Today is National Native HIV/AIDS Awareness Day and the theme is “Unity in CommUnity, Stand Strong to Prevent HIV.”
National Native HIV/AIDS Awareness Day (NNHAAD) is a national mobilization effort designed to encourage Natives (American Indians, Alaska Natives and Native Hawaiians) across the United States and Territorial Areas to get educated, get tested, get involved in prevention and get treated for HIV and AIDS.
Today is also the first day of spring, known as the vernal equinox, a day of sunlight and starlight in equal measure. For many indigenous cultures, the cycle of life is defined by the changing of seasons and spring is considered a time of profound change, of new beginnings and birth. The cycle of life, the four directions, and the change of seasons reminds us that everyone and everything is connected.
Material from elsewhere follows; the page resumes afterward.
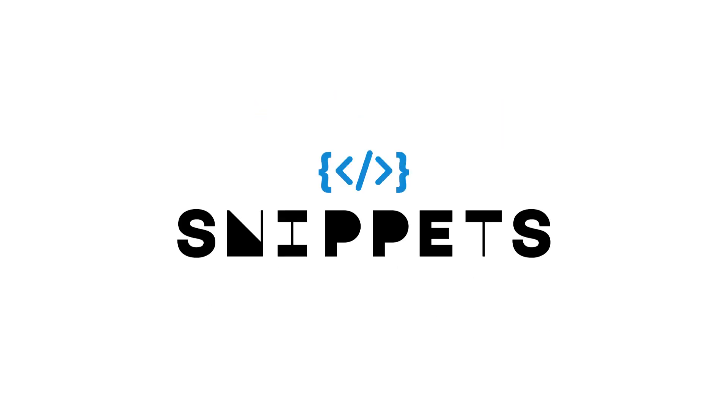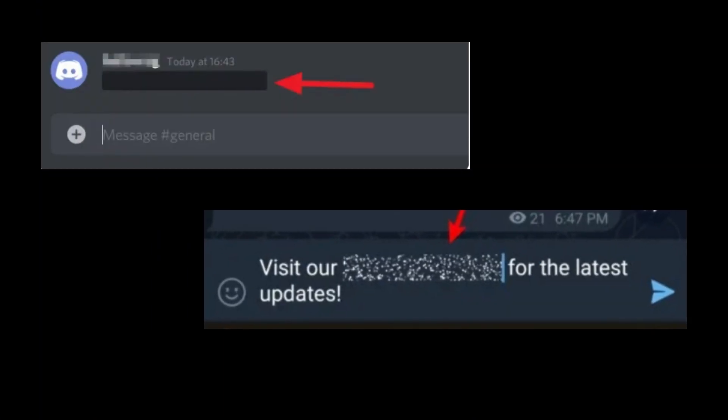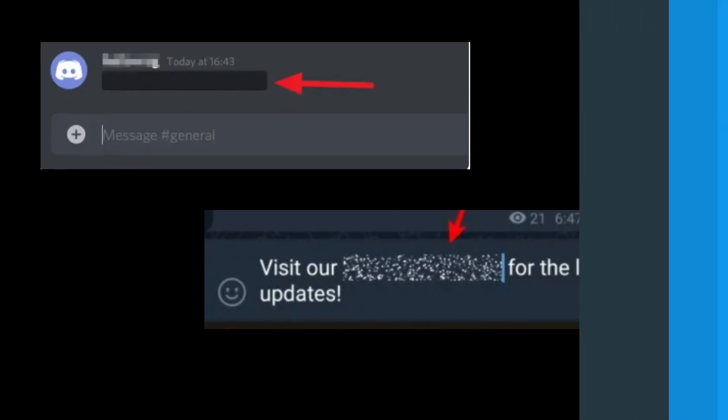Welcome to Snippets Code. In today's video we are going to explore spoiler text. You've probably encountered spoiler text on platforms like Discord and Telegram, but have you ever wondered how to create that intriguing dotted design using HTML, CSS, and JavaScript?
At the National AIDS Memorial Grove in Golden Gate Park, this weekend marked the first Community Volunteer Workday when more than 100 volunteers gathered in a spirit of healing, hope, and remembrance. In an inspirational moment at the start of the workday, I spoke about the coming change of seasons and implored our volunteers to think about the ways that we are connected to each other, as a community, and to other communities fighting for social and environmental justice.
In the aftermath of “Standing Rock’s Last Stand,” I call on us all to think about the interconnected nature of social and environmental justice issues, activism, and mobilization.
What do Water Protectors have in common with AIDS activists? How are the banks of the Missouri River sacred in the same manner that the memorial space in Golden Gate Park is sacred—can you imagine a pipeline cutting through the sanctity of the Grove? How can we stand together in solidarity?
Another cultural approach that I share from my indigenous heritage is the concept of “Talking Circles” – gatherings of people in a circle to share ideas, bring voice to diverse perspectives, and promote listening and understanding. At the Grove, our workdays include “Circle Time” as a special moment to gather in the Circle of Friends to share words of wisdom and healing, thank our supporters, and call on the names of our ancestors and relatives.
Clearly, AIDS activists and Water Protectors have much in common and I firmly believe that we can learn from one another. Resistance and resilience are shared traits and the health of our communities is fundamentally linked. In the spirit of a new season, I implore us all to come together, seek Unity in CommUnity, and to promote social and environmental justice for all our relations.
–Adam Bad Wound
Adam Bad Wound is director of development at the National AIDS Memorial Grove. Originally from the Black Hills and Badlands of South Dakota, Adam is an enrolled member of the Oglala Sioux Tribe and National Congress of American Indians.